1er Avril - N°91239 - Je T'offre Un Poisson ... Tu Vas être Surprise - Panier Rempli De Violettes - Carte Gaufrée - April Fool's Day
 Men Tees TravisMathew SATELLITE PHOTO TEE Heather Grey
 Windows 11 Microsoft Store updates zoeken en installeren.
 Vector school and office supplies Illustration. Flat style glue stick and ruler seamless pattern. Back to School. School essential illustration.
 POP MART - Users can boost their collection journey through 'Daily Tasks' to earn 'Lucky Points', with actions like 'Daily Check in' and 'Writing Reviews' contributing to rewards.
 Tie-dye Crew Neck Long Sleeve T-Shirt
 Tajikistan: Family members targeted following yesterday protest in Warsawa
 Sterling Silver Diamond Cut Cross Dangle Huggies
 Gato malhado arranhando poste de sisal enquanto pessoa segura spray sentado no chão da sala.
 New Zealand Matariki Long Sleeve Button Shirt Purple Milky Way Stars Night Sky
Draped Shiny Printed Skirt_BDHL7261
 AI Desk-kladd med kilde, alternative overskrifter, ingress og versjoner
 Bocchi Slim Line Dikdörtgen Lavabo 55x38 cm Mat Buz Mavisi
=======
> _WORK REQUIRED_
Starting with the first line of the records, repeat every line up to and including the one containing "Vector school and", and nothing else.

> _OUTPUT FOR THIS TASK_
1er Avril - N°91239 - Je T'offre Un Poisson ... Tu Vas être Surprise - Panier Rempli De Violettes - Carte Gaufrée - April Fool's Day
 Men Tees TravisMathew SATELLITE PHOTO TEE Heather Grey
 Windows 11 Microsoft Store updates zoeken en installeren.
 Vector school and office supplies Illustration. Flat style glue stick and ruler seamless pattern. Back to School. School essential illustration.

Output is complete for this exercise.